--- How to complete this task ---
Where does the string "Thumbnail" appear? Copy every line of the entries below that holds it.
:: Provided material
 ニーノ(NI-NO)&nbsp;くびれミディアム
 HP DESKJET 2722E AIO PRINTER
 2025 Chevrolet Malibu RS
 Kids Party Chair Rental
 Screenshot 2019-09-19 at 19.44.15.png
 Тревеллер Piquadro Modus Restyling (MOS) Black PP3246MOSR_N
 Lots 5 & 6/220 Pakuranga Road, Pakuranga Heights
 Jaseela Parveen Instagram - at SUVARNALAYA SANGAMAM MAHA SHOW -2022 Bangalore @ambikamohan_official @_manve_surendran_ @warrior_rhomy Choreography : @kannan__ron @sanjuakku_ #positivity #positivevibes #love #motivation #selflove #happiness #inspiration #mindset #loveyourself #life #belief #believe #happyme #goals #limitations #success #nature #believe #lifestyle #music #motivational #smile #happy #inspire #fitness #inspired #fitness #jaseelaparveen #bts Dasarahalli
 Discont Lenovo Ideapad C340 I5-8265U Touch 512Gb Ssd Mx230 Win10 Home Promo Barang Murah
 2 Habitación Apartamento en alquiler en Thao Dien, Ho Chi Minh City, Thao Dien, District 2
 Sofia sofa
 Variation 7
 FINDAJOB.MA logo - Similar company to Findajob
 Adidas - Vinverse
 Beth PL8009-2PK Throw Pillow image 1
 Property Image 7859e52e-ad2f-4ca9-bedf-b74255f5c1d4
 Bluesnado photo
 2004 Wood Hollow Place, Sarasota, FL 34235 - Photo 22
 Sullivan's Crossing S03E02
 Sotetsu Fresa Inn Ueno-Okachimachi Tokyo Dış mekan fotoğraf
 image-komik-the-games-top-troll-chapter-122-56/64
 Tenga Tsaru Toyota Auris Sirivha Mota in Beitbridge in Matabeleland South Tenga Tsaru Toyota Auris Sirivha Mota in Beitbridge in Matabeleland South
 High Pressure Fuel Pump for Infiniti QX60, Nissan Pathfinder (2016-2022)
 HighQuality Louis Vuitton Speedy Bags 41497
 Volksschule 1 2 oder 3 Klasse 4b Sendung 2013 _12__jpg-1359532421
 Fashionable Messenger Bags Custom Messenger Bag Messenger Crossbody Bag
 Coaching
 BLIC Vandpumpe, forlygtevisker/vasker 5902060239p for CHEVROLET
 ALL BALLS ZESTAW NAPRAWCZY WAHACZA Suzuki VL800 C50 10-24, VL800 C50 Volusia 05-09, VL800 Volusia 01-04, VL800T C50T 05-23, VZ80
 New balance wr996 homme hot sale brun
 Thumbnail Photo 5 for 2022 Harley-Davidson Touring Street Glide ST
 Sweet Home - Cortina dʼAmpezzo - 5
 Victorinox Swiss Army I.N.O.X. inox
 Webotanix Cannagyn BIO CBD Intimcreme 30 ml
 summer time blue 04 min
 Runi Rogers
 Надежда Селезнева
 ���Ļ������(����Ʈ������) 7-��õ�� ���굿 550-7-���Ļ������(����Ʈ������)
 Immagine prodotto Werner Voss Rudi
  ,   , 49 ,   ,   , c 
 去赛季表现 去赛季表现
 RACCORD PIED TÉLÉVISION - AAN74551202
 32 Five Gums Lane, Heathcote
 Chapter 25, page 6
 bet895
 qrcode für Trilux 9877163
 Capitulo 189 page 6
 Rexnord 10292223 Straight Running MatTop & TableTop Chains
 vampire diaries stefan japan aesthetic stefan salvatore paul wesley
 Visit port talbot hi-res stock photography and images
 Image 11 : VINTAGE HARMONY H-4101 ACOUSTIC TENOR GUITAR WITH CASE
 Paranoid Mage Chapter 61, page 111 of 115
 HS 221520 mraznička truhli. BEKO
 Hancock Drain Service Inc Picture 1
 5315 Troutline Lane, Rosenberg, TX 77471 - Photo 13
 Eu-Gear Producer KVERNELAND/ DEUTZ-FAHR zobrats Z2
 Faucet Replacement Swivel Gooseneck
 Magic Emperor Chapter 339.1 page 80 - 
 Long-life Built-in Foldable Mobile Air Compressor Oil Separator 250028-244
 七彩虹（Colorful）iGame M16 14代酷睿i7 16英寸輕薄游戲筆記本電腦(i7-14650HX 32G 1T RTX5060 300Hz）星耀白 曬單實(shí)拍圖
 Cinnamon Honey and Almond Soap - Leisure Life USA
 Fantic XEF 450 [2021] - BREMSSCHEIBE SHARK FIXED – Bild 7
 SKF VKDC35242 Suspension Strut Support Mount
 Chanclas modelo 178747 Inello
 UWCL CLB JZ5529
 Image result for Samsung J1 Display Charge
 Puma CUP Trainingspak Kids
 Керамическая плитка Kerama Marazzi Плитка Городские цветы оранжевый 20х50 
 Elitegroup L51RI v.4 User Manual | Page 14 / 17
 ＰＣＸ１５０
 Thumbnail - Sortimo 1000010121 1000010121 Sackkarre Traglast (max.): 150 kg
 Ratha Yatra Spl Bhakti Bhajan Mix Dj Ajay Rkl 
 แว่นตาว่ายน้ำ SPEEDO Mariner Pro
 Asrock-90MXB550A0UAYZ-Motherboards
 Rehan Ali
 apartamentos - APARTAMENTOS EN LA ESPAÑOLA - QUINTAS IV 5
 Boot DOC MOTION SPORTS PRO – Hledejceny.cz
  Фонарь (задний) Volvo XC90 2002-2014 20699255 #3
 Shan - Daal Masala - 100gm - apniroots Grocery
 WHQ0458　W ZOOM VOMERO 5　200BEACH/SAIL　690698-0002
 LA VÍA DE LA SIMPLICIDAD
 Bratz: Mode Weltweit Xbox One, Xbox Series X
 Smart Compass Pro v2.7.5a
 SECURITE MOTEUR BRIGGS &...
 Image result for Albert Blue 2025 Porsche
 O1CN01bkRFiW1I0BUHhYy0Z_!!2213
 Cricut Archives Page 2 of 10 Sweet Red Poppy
::::
--- The answer ---
 Thumbnail Photo 5 for 2022 Harley-Davidson Touring Street Glide ST
 Thumbnail - Sortimo 1000010121 1000010121 Sackkarre Traglast (max.): 150 kg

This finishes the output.